Unset:  CTARGET, EMERGE_DEFAULT_OPTS, INSTALL_MASK, LANG, LC_ALL, LDFLAGS, LINGUAS, PORTAGE_COMPRESS, PORTAGE_COMPRESS_FLAGS, PORTAGE_RSYNC_EXTRA_OPTS, PORTDIR_OVERLAY
Comment 1 Maarten Bressers (RETIRED) gentoo-dev 2007-10-07 20:42:05 UTC
What you've posted here is a userspace error. Please post the kernel oops if/when you manage to capture it. If you get the oops, please reproduce it with the latest development kernel, 2.6.23-rc9 as of this writing. Of course, you can switch to 2.6.23-rc9 first and then try to get it to oops, to save yourself some time.

It's possible that this is hardware-related, since you say you've been having lockups. Are all these lockups xfs related? Are you sure there's nothing wrong with your disk(s)?

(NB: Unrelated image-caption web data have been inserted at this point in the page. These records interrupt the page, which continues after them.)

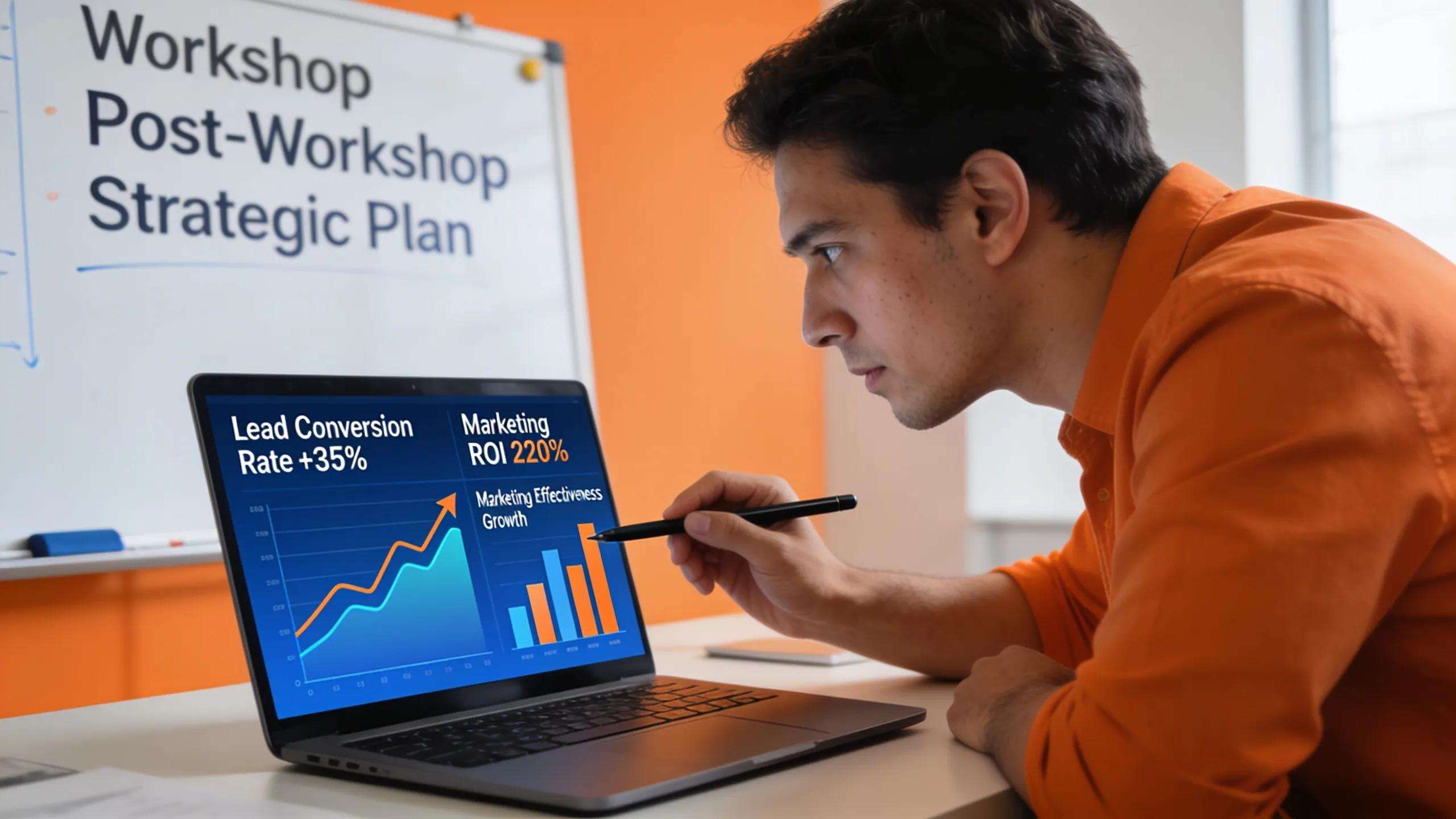Founder analyzing laptop data chart illustrating marketing ROI and lead conversion during a value proposition workshop.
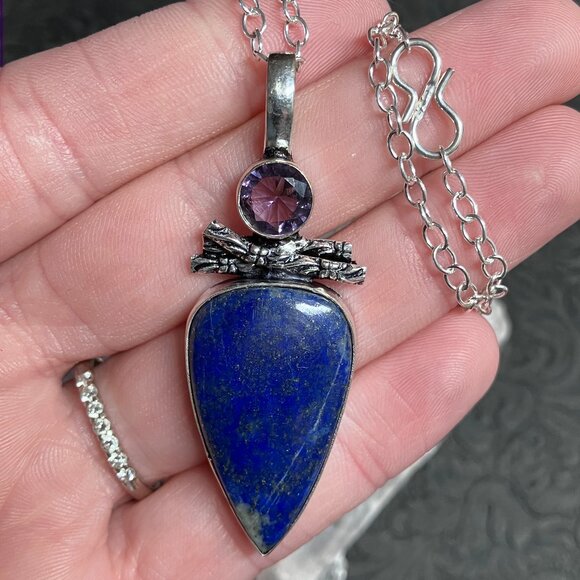 Amethyst and Lapis Lazuli Witchy Pendant Necklace Stone Crystal Jewelry - Picture 1 of 9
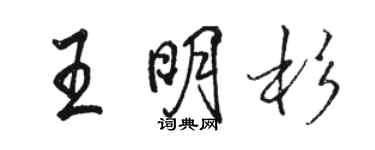 駱恆光王明杉行書個性簽名怎么寫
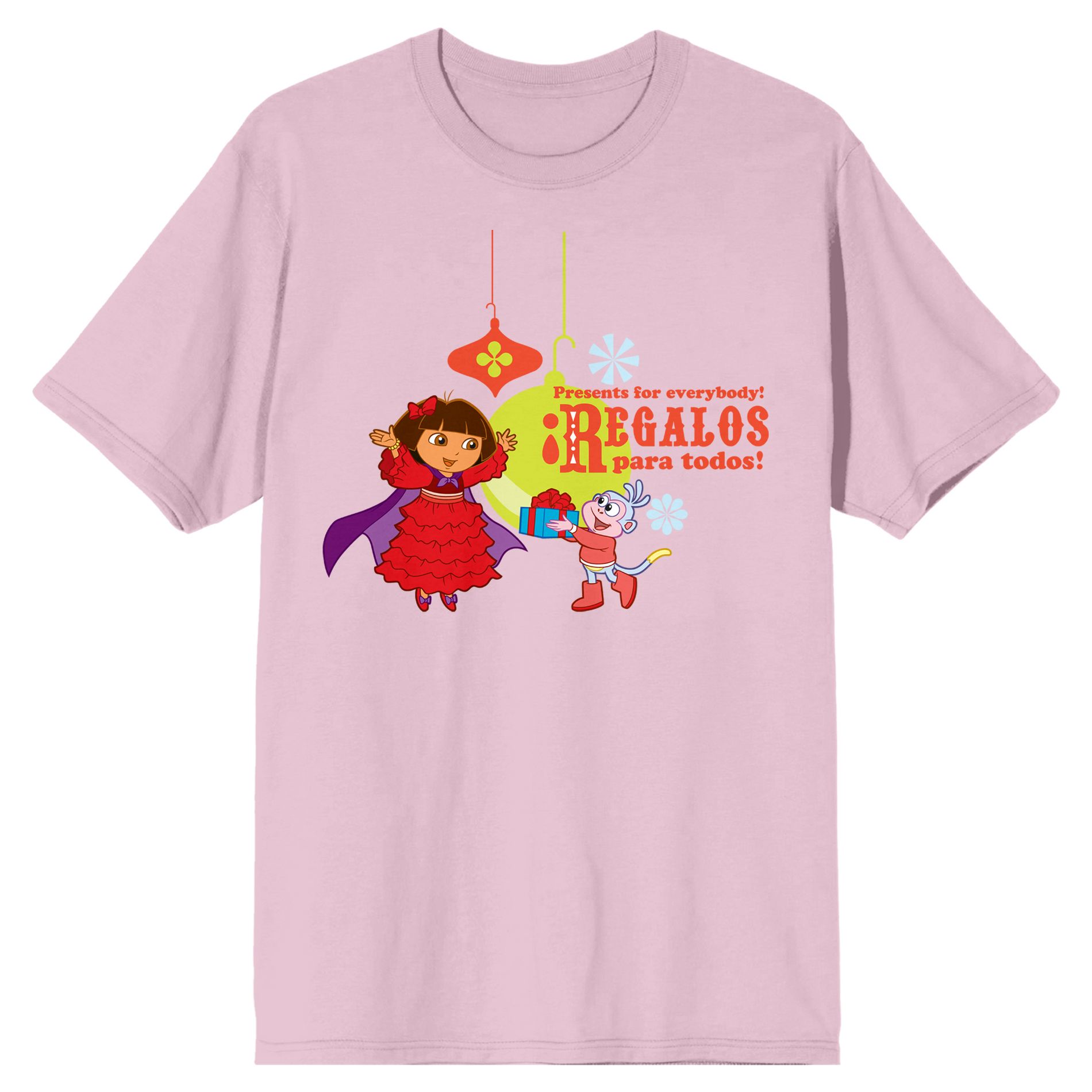 Dora The Explorer Animated Presents For Everyone Regalos Para Todos Crew Neck Short Sleeve Cradle Pink Adult T-shirt-Medium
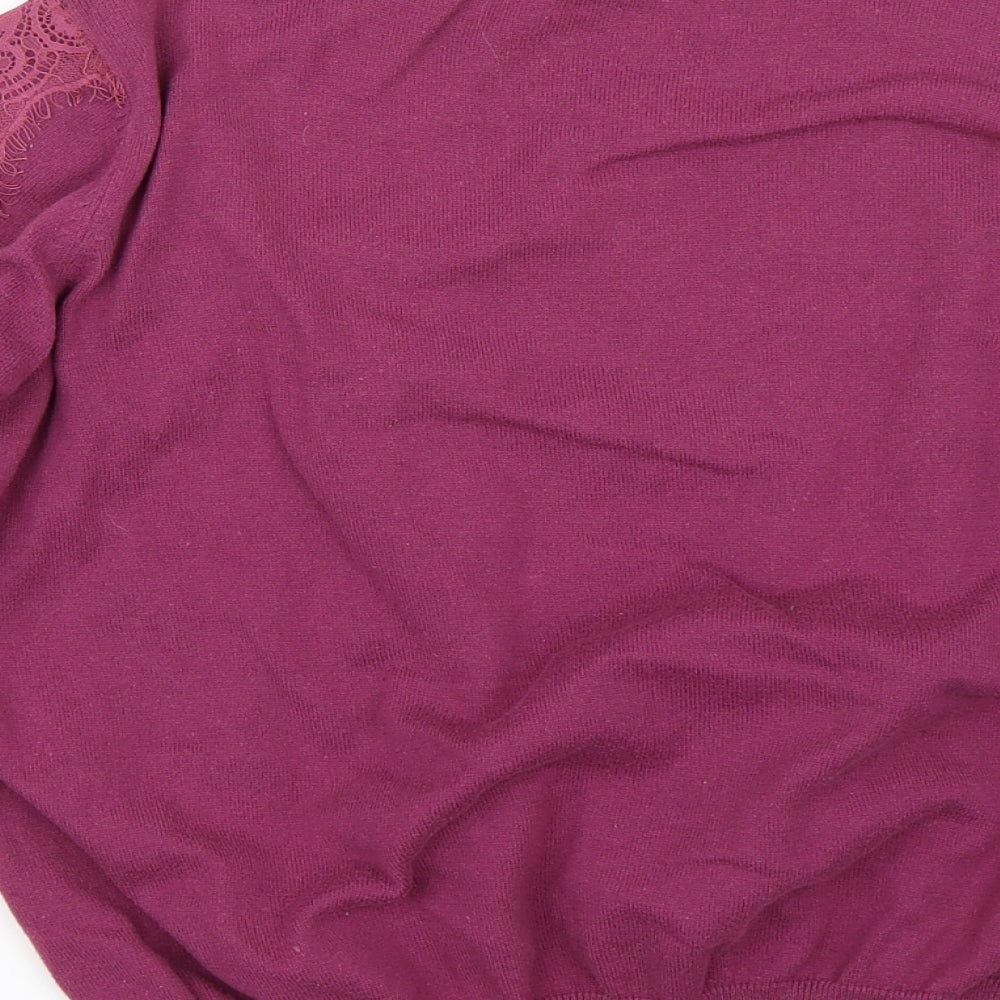 Dorothy Perkins Womens Purple Floral  Pullover Jumper Size 18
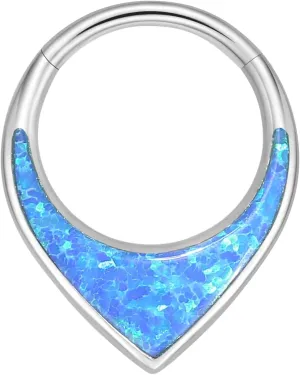 VOJO G23 Titanium 16G Teardrop Septum Hoop Ring Daith Tragus Piercing Clicker Nose Jewelry for Women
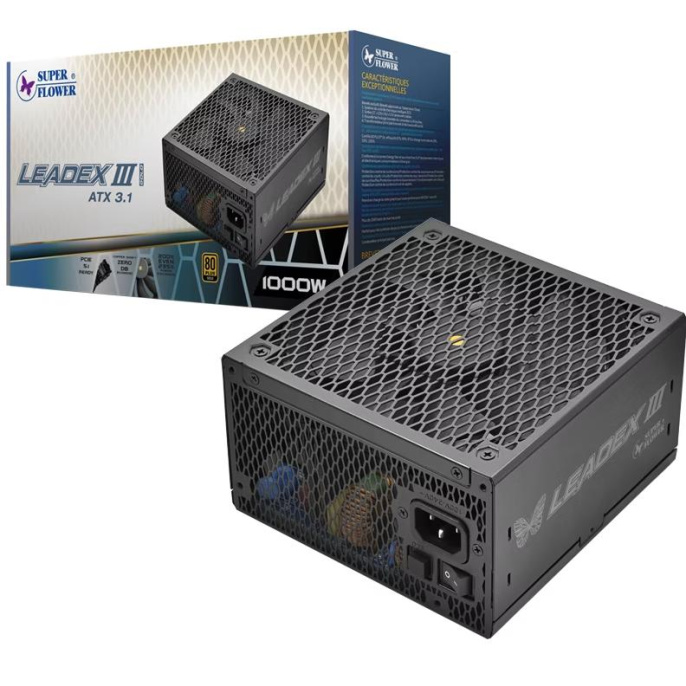 Блок питания Super Flower Leadex III Gold 1000W SF-1000F14GE ATX 12V V3.1, 80Plus Gold, 3,3V-20А, 5V-20А, 12V-83.3А, -12V-0.5А, 5Vsb-3А, 1x24pin, 2х4+4pin, 4х6+2pin, 8хSATA, OPP/OVP/SCP/OTP/OCP/UVP/NLO/SIP, 140mm, FDB, 150×150×86мм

When you get an oops, please post your kernel .config, dmesg output, and some info about your hardware.
Comment 2 Alex Cannon 2007-10-07 23:12:46 UTC
I guess this bug has two parts really.  The first is that the xfs kernel drivers caused an Oops at least once, and I didn't have a way to record what it said.  The second is that xfs_repair crashes when trying to repair my filesystem.

This bug probably shouldn't be assigned to "kernel" because it's xfs_repair that is causing the problem right now, and I don't have a way of reproducing the kernel Oops.

The kernel part may be related to hardware, but the xfs_repair part does the exact thing every time.  There aren't any errors in dmesg about disk access or anyhting.

I would like to work on the xfs_repair issue first before trying to figure out what may be wrong with the kernel xfs driver.
Comment 3 Maarten Bressers (RETIRED) gentoo-dev 2007-10-07 23:22:19 UTC
I agree with you that this is not (primarily) a kernel issue, so I'm reassigning it to the xfsprogs maintainers.
Comment 4 SpanKY gentoo-dev 2007-10-08 00:02:30 UTC
please open a bug with the same information here:
http://oss.sgi.com/bugzilla/

you should also test the latest version of xfsprogs rather than the current x86 stable version
Comment 5 Alex Cannon 2007-10-13 01:35:40 UTC
I downloaded xfsprogs-2.9.4 and it was able to repair my filesystem without crashing.  Now there are no more errors on it.  It is my assumption that the kernel Oops(s) that I saw was because it ran in to corruption on the filesystem and crashed (instead of remounting read only or whatever it's supposed to do in that event).  So there may still be a bug in the kernel's xfs driver but I have no way of finding it now.

Maybe the older versions of xfsprogs should be masked in portage?